The GeometricMeanCone will be bridged by the GeoMeanBridge into RotatedSecondOrderCone. Then, if the solver does not support RotatedSecondOrderCone, it will be bridged into SecondOrderCone by the RSOCBridge.
So you need to search for a solver supporting both integer variables and Second Order Cone (SOC) constraints, hence MISOCP solvers.
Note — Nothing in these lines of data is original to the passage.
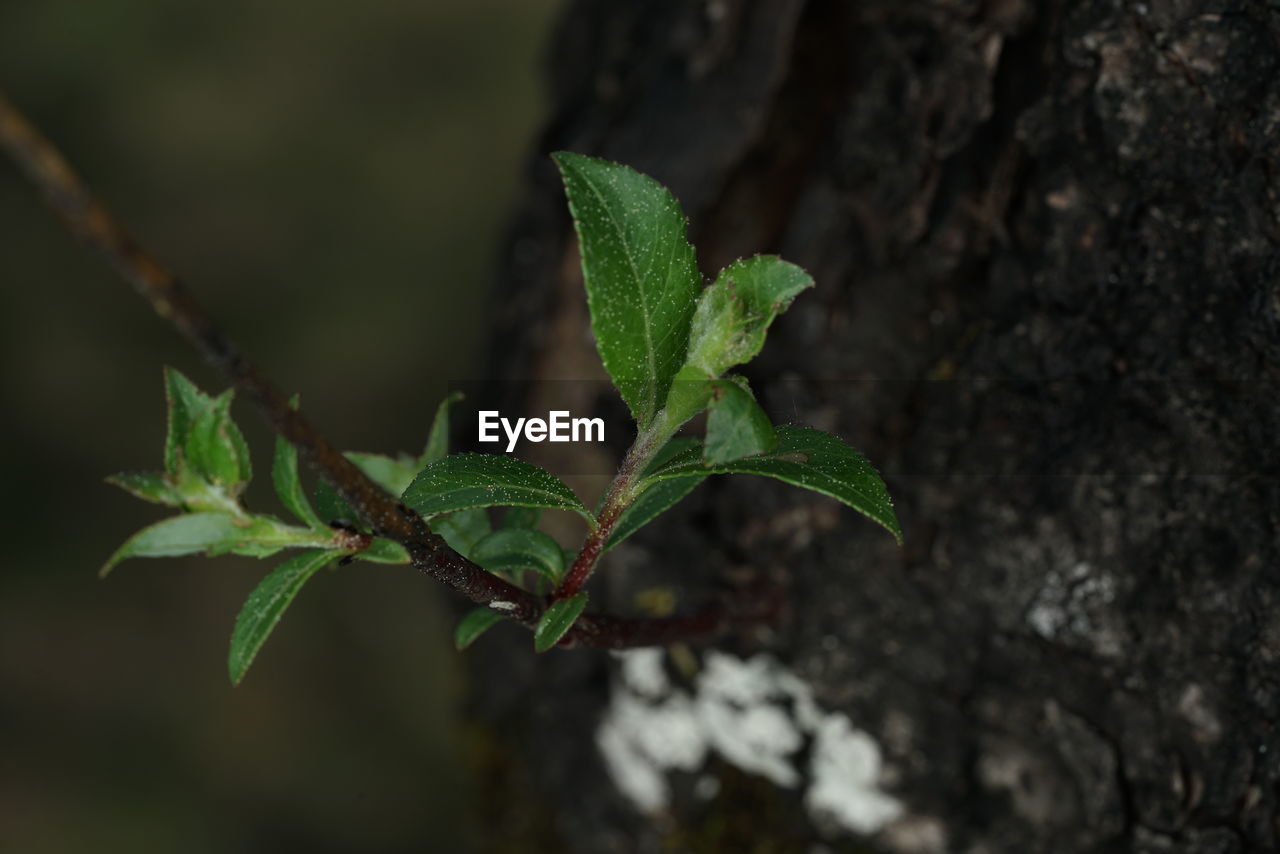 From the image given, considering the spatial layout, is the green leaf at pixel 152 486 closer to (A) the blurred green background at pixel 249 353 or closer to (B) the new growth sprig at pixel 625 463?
(B) the new growth sprig at pixel 625 463

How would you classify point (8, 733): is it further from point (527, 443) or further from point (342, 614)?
point (527, 443)

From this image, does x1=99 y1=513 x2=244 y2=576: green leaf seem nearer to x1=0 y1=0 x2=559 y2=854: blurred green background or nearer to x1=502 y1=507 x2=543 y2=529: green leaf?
x1=502 y1=507 x2=543 y2=529: green leaf

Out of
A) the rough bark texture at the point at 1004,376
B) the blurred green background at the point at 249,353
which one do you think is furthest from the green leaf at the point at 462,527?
the blurred green background at the point at 249,353

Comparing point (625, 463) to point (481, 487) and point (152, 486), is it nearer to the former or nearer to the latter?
point (481, 487)

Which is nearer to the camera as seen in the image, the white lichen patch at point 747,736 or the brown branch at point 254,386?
the brown branch at point 254,386

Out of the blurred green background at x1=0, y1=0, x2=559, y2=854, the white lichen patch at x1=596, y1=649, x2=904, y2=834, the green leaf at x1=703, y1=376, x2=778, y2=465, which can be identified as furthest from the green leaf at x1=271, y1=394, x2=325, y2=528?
the blurred green background at x1=0, y1=0, x2=559, y2=854

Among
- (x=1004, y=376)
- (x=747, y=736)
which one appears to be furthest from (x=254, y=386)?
(x=747, y=736)

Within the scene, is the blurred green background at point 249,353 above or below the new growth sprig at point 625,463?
above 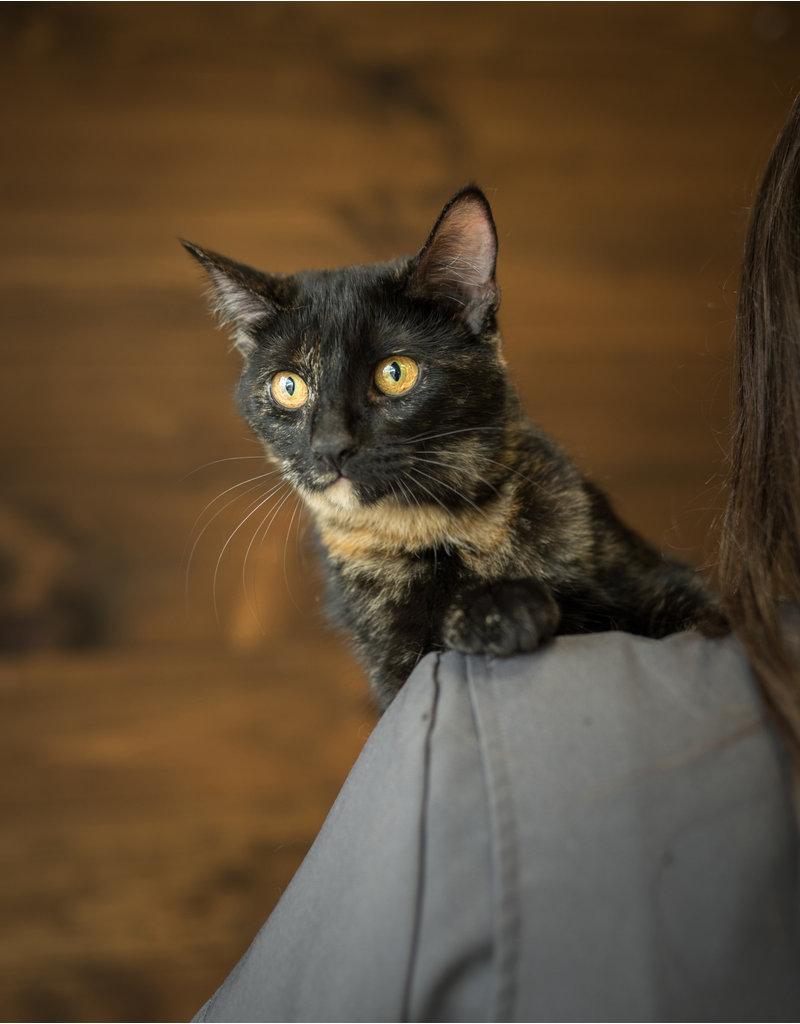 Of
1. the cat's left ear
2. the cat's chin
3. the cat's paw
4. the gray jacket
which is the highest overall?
the cat's left ear

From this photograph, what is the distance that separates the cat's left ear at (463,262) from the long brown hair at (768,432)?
32cm

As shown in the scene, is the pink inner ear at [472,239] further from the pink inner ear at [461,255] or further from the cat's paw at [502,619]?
the cat's paw at [502,619]

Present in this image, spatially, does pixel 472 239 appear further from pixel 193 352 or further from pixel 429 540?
pixel 193 352

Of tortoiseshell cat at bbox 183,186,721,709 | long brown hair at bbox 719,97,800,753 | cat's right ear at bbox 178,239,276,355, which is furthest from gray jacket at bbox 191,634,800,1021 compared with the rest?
cat's right ear at bbox 178,239,276,355

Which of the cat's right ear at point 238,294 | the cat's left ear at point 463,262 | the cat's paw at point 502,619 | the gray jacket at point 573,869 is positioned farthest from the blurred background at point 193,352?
the gray jacket at point 573,869

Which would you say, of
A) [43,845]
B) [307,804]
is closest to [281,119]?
[307,804]

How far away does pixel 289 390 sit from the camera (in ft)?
3.19

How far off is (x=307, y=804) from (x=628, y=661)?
1.58 m

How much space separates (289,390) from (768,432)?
0.56 meters

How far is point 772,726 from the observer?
1.62 ft

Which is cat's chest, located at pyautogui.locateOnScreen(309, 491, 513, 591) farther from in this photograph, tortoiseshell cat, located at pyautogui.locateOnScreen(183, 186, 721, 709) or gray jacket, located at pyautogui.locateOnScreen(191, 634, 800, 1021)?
gray jacket, located at pyautogui.locateOnScreen(191, 634, 800, 1021)

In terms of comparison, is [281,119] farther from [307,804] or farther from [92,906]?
[92,906]

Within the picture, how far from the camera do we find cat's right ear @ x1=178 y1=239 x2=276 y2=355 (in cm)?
96

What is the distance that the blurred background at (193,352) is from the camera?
1804mm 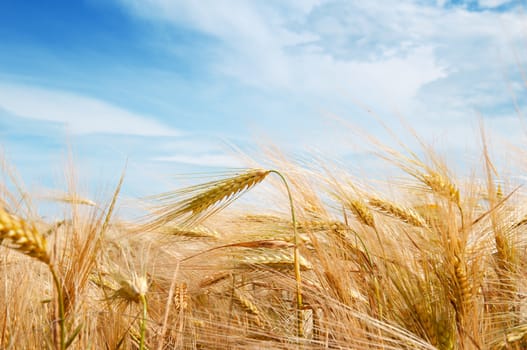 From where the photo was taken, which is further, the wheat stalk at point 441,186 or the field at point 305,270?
the wheat stalk at point 441,186

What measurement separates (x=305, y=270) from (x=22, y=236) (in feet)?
3.44

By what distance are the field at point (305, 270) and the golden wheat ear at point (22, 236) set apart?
252mm

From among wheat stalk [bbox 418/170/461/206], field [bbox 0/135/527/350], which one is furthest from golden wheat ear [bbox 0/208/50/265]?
wheat stalk [bbox 418/170/461/206]

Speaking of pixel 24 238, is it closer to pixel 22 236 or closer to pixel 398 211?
pixel 22 236

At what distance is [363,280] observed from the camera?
5.47 feet

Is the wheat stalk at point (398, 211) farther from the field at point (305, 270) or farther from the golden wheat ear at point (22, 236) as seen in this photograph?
the golden wheat ear at point (22, 236)

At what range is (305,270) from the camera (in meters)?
1.72

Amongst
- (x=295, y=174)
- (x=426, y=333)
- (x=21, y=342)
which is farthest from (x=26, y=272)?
(x=426, y=333)

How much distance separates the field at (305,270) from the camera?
→ 1.36m

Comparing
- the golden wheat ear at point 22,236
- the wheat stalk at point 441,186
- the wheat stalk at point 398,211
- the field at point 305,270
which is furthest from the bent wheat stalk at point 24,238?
the wheat stalk at point 398,211

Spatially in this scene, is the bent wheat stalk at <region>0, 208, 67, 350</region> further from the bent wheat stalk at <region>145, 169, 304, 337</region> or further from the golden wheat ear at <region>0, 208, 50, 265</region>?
the bent wheat stalk at <region>145, 169, 304, 337</region>

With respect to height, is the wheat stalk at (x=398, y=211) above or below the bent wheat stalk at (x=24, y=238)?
above

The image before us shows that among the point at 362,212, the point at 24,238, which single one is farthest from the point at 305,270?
the point at 24,238

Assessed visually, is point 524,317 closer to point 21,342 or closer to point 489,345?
point 489,345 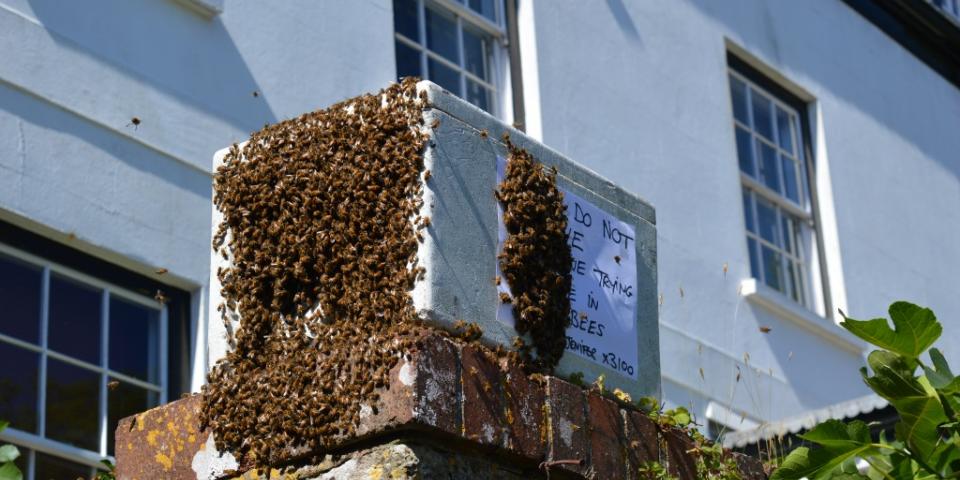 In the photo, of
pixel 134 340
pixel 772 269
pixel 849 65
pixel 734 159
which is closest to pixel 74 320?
pixel 134 340

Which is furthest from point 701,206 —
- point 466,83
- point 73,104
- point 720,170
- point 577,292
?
point 577,292

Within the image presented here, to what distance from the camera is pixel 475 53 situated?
8805 mm

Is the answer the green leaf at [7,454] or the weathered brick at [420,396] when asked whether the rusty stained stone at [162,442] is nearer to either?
the green leaf at [7,454]

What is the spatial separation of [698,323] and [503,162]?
606 centimetres

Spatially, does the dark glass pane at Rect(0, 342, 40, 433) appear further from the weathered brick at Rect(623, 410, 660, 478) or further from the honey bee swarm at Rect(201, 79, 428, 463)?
the weathered brick at Rect(623, 410, 660, 478)

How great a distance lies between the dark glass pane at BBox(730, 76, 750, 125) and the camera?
35.3 ft

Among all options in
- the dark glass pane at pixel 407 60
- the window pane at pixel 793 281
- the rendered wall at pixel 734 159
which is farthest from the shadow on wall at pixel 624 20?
the window pane at pixel 793 281

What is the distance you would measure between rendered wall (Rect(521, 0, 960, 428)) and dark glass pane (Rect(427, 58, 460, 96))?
543mm

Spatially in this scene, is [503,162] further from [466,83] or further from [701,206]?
[701,206]

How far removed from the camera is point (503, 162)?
346 cm

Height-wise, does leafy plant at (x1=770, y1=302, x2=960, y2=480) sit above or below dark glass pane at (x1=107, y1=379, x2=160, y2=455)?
below

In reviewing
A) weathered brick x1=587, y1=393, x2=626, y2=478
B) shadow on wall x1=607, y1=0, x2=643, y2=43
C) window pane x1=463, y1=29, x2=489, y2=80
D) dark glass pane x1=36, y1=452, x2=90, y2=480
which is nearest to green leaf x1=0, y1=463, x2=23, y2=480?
weathered brick x1=587, y1=393, x2=626, y2=478

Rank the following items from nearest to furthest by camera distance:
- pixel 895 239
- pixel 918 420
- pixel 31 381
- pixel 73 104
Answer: pixel 918 420 → pixel 31 381 → pixel 73 104 → pixel 895 239

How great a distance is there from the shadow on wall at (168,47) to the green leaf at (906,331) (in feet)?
13.7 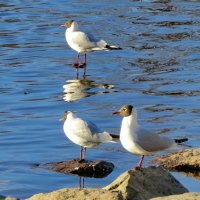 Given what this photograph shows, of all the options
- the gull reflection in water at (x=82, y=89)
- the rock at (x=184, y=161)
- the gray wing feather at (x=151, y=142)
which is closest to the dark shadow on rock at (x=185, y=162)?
the rock at (x=184, y=161)

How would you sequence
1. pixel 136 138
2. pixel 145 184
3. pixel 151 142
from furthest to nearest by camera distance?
1. pixel 151 142
2. pixel 136 138
3. pixel 145 184

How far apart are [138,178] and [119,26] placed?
15077 mm

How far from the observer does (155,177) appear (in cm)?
914

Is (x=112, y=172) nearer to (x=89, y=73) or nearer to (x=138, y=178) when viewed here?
(x=138, y=178)

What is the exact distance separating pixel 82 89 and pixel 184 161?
6.07 meters

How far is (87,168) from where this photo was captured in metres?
11.2

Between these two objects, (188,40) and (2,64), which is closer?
(2,64)

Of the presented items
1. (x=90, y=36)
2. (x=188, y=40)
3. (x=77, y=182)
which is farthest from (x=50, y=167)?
(x=188, y=40)

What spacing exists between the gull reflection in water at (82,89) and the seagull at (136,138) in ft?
18.4

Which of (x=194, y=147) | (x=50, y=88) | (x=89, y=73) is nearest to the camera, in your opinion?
(x=194, y=147)

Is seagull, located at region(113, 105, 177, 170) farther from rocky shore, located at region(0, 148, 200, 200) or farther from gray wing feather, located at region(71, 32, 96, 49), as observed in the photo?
gray wing feather, located at region(71, 32, 96, 49)

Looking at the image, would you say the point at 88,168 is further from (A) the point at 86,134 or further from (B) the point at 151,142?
(B) the point at 151,142

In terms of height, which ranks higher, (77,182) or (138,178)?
(138,178)

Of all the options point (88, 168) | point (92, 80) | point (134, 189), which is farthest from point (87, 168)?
point (92, 80) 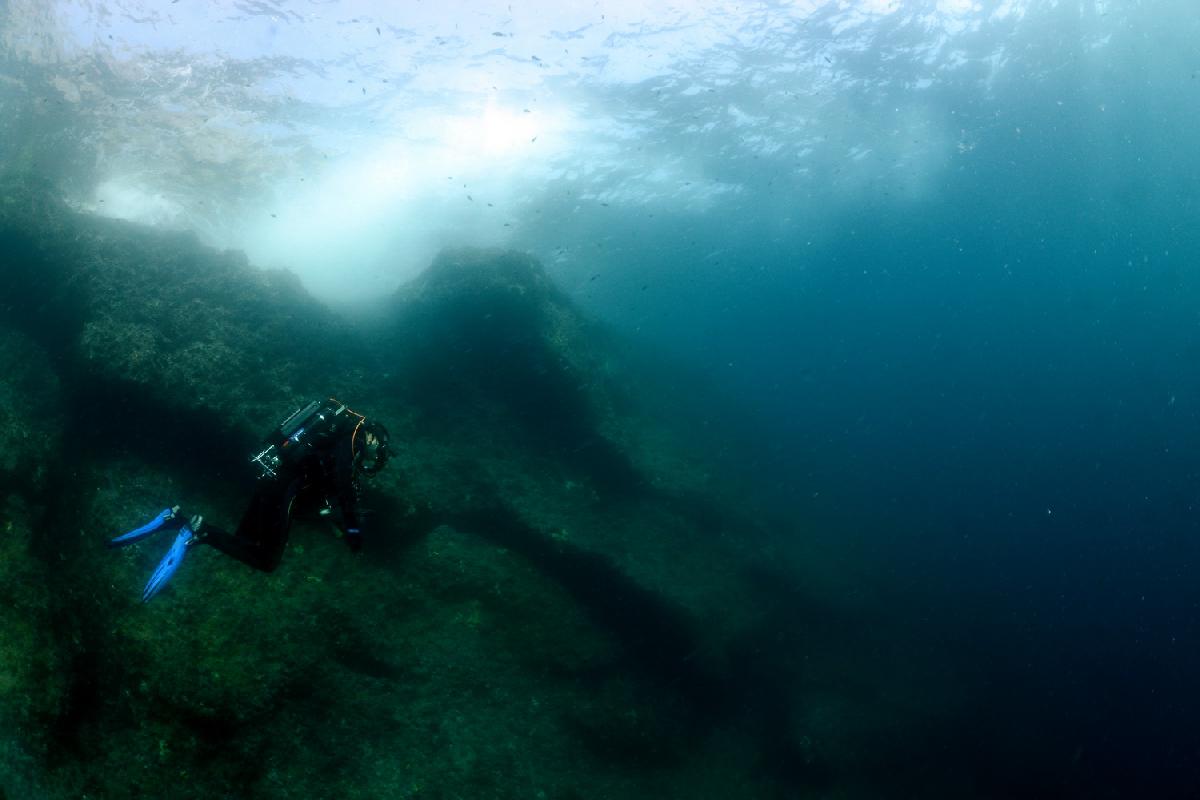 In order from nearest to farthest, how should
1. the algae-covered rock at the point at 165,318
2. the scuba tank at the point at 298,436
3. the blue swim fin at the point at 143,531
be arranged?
the blue swim fin at the point at 143,531, the scuba tank at the point at 298,436, the algae-covered rock at the point at 165,318

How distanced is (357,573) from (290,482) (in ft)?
10.3

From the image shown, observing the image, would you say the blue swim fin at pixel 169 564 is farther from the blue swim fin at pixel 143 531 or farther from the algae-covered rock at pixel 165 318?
the algae-covered rock at pixel 165 318

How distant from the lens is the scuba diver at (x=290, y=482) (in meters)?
5.85

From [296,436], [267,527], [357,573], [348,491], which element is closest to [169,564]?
[267,527]

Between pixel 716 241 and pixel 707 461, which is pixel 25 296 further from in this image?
pixel 716 241

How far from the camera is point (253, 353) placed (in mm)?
10055

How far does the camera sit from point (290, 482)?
6.15 meters

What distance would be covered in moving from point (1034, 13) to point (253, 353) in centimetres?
2738

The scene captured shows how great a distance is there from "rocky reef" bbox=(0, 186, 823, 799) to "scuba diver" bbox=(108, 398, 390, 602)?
2431mm

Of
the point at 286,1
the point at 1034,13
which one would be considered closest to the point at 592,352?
the point at 286,1

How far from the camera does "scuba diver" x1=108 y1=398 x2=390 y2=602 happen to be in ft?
19.2

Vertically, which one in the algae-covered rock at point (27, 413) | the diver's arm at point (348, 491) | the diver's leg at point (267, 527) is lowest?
the algae-covered rock at point (27, 413)

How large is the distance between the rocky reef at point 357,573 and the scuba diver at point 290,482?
7.98ft

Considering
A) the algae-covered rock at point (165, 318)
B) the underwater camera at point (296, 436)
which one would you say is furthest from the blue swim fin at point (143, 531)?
the algae-covered rock at point (165, 318) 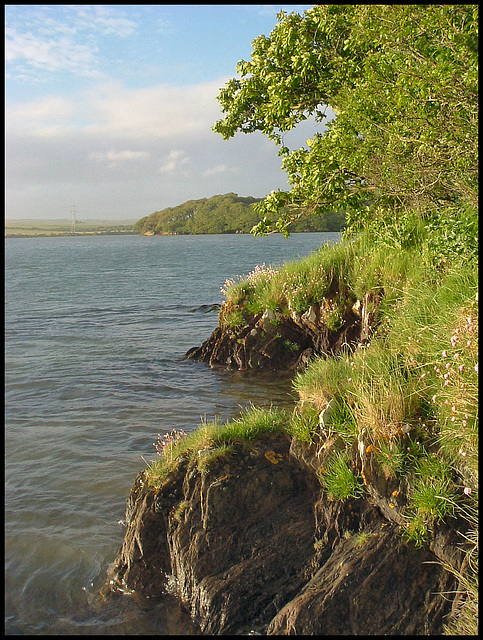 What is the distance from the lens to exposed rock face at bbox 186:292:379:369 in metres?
12.0

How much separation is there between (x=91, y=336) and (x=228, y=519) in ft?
48.9

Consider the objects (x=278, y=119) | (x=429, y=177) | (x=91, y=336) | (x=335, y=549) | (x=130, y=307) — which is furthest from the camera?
(x=130, y=307)

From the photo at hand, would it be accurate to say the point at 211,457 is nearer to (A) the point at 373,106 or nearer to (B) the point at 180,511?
(B) the point at 180,511

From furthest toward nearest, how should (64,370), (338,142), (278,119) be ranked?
1. (64,370)
2. (278,119)
3. (338,142)

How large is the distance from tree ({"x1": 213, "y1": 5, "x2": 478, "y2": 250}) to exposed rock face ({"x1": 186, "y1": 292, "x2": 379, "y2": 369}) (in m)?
2.01

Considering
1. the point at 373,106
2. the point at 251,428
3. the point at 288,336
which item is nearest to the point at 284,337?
the point at 288,336

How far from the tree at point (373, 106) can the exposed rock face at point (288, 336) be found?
2010 mm

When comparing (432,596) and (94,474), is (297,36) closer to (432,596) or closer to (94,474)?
(94,474)

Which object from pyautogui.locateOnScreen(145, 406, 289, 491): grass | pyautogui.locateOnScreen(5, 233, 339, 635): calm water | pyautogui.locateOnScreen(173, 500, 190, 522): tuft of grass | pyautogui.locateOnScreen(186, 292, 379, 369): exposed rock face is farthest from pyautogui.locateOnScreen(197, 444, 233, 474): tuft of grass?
pyautogui.locateOnScreen(186, 292, 379, 369): exposed rock face

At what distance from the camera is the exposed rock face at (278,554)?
188 inches

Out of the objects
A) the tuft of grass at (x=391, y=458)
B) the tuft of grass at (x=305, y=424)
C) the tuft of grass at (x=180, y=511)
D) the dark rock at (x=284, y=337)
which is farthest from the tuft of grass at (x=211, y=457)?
the dark rock at (x=284, y=337)

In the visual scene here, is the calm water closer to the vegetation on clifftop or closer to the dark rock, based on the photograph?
the dark rock

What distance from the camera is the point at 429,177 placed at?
8164 mm

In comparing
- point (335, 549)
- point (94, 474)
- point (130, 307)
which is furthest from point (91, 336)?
point (335, 549) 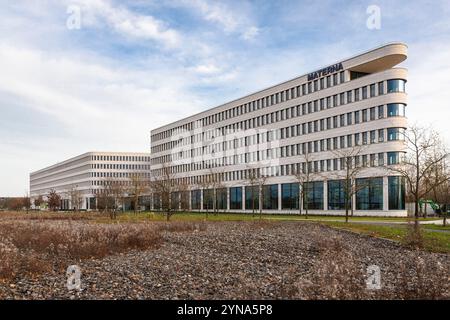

Did you encounter any error with using SCIP?
Both integer variables and SOC constraints are supported. So, with bridges, it should work for your problem.

Scip gives this

> ...
> ERROR: LoadError: LoadError: Expected sum outside generator expression; got prod
> Stacktrace:
> [1] error(::String) at .\error.jl:33
> [2] _parse_generator(::Expr, ::Symbol, ::Array{Any,1}, ::Array{Any,1}, ::Symbol) at C:\Users\Xentios\.julia\packages\JuMP\MsUSY\src\parse_expr.jl:387
> [3] _parse_expr(::Expr, ::Symbol, ::Array{Any,1}, ::Array{Any,1}, ::Symbol) at C:\Users\Xentios\.julia\packages\JuMP\MsUSY\src\parse_expr.jl:524
> [4] _parse_expr at C:\Users\Xentios\.julia\packages\JuMP\MsUSY\src\parse_expr.jl:429 [inlined]
> [5] _parse_expr_toplevel(::Expr, ::Symbol) at C:\Users\Xentios\.julia\packages\JuMP\MsUSY\src\parse_expr.jl:401
> [6] @objective(::LineNumberNode, ::Module, ::Any, ::Vararg{Any,N} where N) at C:\Users\Xentios\.julia\packages\JuMP\MsUSY\src\macros.jl:975
> [7] include at .\boot.jl:328 [inlined]
> [8] include_relative(::Module, ::String) at .\loading.jl:1094
> [9] include(::Module, ::String) at .\Base.jl:31
> [10] exec_options(::Base.JLOptions) at .\client.jl:295
> [11] _start() at .\client.jl:464
> in expression starting at c:\Users\Xentios\Desktop\work\Old\Julia\cop.jl:21
> in expression starting at c:\Users\Xentios\Desktop\work\Old\Julia\cop.jl:21
> ...

Btw i did something linear so for now my problem is solved. Thank you all for your interest and help.

I think @leethargo meant using SCIP with the GeometricMeanCone formulation.

Yes, that error message comes from JuMP, so I don’t think that switching from SCIP to IPOPT should make any difference there.